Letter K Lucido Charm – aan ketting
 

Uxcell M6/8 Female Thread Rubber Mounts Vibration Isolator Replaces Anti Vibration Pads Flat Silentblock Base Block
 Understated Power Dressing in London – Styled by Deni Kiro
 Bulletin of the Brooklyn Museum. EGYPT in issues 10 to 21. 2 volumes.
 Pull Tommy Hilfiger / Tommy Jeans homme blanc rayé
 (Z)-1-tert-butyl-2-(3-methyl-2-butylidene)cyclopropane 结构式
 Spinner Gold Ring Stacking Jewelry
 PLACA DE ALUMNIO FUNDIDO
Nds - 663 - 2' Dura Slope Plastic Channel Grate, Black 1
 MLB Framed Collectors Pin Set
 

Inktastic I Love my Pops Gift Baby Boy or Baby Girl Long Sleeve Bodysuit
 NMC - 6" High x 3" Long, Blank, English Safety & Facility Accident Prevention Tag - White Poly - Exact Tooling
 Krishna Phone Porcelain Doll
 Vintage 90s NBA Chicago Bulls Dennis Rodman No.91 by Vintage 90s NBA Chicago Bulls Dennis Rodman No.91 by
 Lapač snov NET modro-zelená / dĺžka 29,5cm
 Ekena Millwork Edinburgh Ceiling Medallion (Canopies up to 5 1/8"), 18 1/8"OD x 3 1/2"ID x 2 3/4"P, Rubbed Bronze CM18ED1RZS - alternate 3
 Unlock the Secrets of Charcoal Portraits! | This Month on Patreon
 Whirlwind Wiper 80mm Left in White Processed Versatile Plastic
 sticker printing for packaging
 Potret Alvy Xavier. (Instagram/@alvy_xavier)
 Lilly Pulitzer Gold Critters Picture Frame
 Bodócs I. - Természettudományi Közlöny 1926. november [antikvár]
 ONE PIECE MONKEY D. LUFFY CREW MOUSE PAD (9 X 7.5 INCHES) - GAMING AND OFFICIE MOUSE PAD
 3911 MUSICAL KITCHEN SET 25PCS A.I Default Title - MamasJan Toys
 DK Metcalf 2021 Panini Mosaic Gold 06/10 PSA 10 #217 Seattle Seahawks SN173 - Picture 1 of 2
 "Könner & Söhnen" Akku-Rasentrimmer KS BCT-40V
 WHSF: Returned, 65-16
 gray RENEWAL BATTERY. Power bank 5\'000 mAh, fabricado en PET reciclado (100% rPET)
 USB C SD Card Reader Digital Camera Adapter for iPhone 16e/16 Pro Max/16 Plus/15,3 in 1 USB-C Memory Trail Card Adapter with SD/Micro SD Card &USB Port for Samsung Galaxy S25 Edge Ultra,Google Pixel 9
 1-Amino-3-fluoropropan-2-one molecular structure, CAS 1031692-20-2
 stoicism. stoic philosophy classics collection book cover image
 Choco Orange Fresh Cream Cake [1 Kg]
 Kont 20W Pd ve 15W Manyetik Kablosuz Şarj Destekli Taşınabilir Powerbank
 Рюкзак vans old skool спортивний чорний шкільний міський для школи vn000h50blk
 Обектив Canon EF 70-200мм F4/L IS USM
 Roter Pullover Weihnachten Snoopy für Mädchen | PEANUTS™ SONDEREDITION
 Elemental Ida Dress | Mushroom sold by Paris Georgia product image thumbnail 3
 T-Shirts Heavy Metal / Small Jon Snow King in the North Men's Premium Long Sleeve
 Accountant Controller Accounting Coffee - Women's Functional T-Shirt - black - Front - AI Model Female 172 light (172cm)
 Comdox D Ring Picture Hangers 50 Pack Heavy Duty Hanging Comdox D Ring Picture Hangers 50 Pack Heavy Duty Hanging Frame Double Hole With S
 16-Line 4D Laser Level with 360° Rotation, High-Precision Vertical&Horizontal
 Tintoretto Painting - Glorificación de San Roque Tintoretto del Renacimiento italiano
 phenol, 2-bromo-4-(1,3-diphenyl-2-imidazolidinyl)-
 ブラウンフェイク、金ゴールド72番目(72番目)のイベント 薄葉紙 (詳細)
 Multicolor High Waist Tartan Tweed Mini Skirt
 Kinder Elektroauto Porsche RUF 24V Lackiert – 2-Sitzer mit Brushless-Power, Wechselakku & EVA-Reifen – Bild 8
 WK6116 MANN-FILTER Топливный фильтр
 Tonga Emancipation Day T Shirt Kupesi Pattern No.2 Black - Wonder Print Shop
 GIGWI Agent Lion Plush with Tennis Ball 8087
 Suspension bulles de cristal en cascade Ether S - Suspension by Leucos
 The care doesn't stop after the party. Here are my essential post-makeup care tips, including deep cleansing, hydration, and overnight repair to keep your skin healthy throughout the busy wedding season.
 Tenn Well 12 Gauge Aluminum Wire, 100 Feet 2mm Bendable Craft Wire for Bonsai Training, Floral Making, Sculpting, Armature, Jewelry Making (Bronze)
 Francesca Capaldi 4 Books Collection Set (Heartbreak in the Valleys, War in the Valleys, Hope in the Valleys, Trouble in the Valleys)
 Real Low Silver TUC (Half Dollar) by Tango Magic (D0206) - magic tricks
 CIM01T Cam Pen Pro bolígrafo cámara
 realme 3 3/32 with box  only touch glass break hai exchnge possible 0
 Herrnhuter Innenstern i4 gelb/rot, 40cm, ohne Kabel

### THE TASK
The answer must be all the lines above that hold the word "Long".

### ANSWER FOR THIS EXERCISE
Inktastic I Love my Pops Gift Baby Boy or Baby Girl Long Sleeve Bodysuit
 NMC - 6" High x 3" Long, Blank, English Safety & Facility Accident Prevention Tag - White Poly - Exact Tooling
 T-Shirts Heavy Metal / Small Jon Snow King in the North Men's Premium Long Sleeve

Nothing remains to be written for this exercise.